Monday 30 January 2012

UK: financial regulation reform - Financial Services Bill introduced in Parliament

The Financial Services Bill was introduced in Parliament last Thursday and received its First Reading. Second Reading, which will provide MPs with their first opportunity to debate the main principles of the Bill, is scheduled for today. The Bill's progress can be followed here. A copy of the Bill as introduced is available here (html) and here (pdf). Explanatory notes are available here (html) and here (pdf).

The Government has also published another White Paper - A new approach to financial regulation: securing stability, protecting consumers, available here (pdf) - which builds on earlier White Papers and sets out its response to some of the recommendations made by the Treasury Select Committee and Pre-Legislative Scrutiny Committee in respect of an earlier draft of the Bill. Revised objectives have, for example, been provided for the Financial Conduct Authority (FCA); an explicit "duty to supervise" will be given to the Prudential Regulation Authority (PRA); and the Chancellor will be given a limited statutory power of direction over the Bank of England where a notification of risk to public funds has been made by the Bank's Governor and there is a serious threat to financial stability.

The White Paper also explains some new policy decisions including, for example, a much greater role for the FCA with regard to consumer credit. The Government also appears to have rejected calls for the creation of a Supervisory Board for the Bank of England, preferring instead the Bank's proposal for an Oversight Committee. Further consultation is promised in respect of the suggestion that the Threshold Conditions for authorisation should be reviewed and also with regard to the manner in which these Conditions are divided between the FCA and PRA. Further consultation is also to take place with regard to the macro-prudential tools available to the Financial Policy Committee (FPC). The Paper also explains that the Government will be consulting later this year in respect of a couple of issues identified by the Financial Services Authority in its report into the failure of Royal Bank of Scotland: should regulatory pre-approval be required for all significant merger and acquisition activity in the banking sector and are changes necessary to the liability regime for senior management and directors?

One of the recommendations made by the Scrutiny Committee was for the publication, alongside the Bill, of relevant secondary legislation including the Order under which the scope of the PRA's prudential supervision role would be defined.

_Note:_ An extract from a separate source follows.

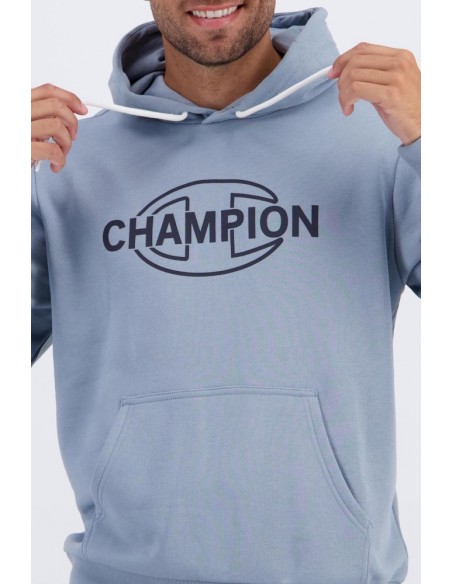 SUDADERA AZUL CHAMPION  Sweatshirt HOMBRE 221647-BS202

This has been done: a draft of the Financial Services and Markets Act 2000 (PRA-Regulated Activities) Order has been published (see here, pdf) along with further draft secondary legislation and draft memoranda of understanding (including a memorandum setting out the framework for coordination of financial crisis management between the Treasury, Bank of England and the PRA: see here.

Update (30 January 2012): Hansard, when recording the Bill's First Reading, also states that Second Reading was scheduled for today. This is a mistake. According to the Parliamentary Calendar, Second Reading has been timetabled for 6 February 2012.